→ **Task to complete**
For the data below, restate word for word only the lines from the line containing "Villa Delle Vacanze" through the line containing "Vanity Case with Chain", both ends included.

[Short text fragments from websites]
================

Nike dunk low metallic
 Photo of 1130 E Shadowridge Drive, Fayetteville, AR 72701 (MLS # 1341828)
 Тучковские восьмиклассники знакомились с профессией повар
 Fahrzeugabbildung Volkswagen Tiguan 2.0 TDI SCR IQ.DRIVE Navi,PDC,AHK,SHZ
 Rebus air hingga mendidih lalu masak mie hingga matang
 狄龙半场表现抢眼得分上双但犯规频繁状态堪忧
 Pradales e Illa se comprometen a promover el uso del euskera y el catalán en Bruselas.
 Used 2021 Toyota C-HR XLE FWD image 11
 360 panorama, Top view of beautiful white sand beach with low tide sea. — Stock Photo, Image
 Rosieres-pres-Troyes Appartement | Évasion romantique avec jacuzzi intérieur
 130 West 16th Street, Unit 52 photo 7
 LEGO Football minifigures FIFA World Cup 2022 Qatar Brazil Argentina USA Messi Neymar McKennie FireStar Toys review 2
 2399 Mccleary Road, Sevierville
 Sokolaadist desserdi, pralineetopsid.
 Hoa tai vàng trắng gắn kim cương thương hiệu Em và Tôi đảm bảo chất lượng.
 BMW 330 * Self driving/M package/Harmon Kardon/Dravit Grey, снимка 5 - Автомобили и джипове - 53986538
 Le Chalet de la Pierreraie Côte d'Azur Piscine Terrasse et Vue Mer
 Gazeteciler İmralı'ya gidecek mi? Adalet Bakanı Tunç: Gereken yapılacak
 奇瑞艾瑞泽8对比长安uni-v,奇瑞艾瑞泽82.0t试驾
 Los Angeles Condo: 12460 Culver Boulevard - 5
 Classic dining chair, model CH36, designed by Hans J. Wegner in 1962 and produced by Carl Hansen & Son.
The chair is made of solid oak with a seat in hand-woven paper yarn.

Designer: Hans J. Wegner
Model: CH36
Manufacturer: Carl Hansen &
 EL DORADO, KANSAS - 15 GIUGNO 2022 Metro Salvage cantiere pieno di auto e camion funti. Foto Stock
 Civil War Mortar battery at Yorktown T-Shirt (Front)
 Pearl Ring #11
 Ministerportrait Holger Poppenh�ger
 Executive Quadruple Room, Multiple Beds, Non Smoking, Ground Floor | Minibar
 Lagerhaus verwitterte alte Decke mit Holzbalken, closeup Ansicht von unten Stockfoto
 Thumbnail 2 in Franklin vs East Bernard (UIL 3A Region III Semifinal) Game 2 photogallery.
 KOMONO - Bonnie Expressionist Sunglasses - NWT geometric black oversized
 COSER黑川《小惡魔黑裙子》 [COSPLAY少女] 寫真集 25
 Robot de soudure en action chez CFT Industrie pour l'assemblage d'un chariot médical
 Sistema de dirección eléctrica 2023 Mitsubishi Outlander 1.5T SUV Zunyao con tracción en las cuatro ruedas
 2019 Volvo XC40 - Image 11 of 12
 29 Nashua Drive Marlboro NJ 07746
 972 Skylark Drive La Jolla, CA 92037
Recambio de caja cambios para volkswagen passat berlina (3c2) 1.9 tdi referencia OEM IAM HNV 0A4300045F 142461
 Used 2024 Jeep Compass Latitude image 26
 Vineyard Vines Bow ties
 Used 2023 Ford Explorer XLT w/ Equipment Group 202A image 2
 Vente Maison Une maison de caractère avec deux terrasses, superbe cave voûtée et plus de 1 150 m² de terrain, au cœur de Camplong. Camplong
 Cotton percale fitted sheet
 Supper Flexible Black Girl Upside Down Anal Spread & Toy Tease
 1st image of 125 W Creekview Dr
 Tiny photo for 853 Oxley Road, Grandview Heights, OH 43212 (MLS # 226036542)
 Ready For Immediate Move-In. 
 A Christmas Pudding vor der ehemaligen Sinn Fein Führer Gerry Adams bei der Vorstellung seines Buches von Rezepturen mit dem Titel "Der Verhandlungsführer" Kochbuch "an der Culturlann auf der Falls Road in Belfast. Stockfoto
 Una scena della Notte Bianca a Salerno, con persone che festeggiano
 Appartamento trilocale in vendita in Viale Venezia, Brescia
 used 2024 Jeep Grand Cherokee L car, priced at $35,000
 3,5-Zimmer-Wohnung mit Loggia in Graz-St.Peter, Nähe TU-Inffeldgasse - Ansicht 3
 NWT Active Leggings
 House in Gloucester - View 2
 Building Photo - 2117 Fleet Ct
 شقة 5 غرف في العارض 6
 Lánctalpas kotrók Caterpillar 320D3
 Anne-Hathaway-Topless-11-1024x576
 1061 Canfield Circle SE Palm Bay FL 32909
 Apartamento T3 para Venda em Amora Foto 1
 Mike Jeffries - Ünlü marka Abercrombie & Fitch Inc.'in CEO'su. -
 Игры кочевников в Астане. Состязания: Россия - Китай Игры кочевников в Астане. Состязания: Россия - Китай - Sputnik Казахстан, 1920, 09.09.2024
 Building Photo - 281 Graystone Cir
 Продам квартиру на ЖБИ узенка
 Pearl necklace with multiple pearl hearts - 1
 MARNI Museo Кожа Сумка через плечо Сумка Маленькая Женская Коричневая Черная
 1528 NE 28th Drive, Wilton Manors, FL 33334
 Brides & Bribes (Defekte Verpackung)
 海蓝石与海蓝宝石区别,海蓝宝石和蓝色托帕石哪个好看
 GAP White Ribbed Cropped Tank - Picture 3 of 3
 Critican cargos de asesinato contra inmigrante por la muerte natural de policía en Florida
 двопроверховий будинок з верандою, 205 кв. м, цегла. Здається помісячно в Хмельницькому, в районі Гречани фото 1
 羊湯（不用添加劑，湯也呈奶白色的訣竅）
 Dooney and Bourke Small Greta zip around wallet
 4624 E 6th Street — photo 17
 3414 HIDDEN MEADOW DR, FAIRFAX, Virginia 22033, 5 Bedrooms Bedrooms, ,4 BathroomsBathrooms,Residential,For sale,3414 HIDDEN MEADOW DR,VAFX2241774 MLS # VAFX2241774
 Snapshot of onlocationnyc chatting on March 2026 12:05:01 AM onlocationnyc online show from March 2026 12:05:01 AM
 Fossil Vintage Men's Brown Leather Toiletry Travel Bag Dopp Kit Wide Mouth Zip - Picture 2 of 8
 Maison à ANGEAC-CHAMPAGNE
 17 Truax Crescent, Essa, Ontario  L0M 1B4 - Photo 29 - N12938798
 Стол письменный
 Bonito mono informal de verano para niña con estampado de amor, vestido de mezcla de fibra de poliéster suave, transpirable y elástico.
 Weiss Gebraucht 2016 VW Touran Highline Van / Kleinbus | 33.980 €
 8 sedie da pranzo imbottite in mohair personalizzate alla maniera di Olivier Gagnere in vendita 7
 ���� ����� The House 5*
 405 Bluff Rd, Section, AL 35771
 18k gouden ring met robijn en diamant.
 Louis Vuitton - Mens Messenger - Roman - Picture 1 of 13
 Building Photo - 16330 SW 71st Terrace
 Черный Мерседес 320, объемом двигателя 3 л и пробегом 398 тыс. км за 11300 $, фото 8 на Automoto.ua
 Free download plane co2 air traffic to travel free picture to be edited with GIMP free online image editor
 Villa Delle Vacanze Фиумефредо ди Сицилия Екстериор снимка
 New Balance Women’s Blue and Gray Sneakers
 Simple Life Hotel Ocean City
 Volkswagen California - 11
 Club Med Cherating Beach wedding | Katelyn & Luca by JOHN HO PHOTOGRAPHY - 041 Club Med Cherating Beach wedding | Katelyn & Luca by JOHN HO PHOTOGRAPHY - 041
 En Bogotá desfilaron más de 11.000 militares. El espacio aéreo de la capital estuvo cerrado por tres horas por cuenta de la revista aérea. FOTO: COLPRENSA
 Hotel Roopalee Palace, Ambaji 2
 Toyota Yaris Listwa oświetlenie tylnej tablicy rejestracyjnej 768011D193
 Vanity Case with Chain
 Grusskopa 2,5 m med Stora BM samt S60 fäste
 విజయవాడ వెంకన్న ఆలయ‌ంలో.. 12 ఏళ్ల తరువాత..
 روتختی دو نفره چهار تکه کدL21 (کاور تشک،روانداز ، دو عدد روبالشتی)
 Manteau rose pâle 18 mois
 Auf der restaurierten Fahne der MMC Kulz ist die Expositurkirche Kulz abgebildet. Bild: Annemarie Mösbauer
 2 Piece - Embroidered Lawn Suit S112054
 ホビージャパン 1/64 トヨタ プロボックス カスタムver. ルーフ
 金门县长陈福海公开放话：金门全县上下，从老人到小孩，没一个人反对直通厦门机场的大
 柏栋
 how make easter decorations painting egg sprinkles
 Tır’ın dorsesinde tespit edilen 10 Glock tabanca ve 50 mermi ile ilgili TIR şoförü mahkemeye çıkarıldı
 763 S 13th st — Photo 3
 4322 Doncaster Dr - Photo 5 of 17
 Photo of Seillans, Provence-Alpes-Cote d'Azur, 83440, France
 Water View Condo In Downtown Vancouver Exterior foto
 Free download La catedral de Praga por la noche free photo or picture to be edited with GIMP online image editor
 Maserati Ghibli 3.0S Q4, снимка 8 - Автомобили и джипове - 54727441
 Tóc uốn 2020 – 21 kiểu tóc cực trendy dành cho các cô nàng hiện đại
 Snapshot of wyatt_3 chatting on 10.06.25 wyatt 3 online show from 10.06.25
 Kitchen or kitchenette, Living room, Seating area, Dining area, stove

================

→ **Completed exercise**
 Villa Delle Vacanze Фиумефредо ди Сицилия Екстериор снимка
 New Balance Women’s Blue and Gray Sneakers
 Simple Life Hotel Ocean City
 Volkswagen California - 11
 Club Med Cherating Beach wedding | Katelyn & Luca by JOHN HO PHOTOGRAPHY - 041 Club Med Cherating Beach wedding | Katelyn & Luca by JOHN HO PHOTOGRAPHY - 041
 En Bogotá desfilaron más de 11.000 militares. El espacio aéreo de la capital estuvo cerrado por tres horas por cuenta de la revista aérea. FOTO: COLPRENSA
 Hotel Roopalee Palace, Ambaji 2
 Toyota Yaris Listwa oświetlenie tylnej tablicy rejestracyjnej 768011D193
 Vanity Case with Chain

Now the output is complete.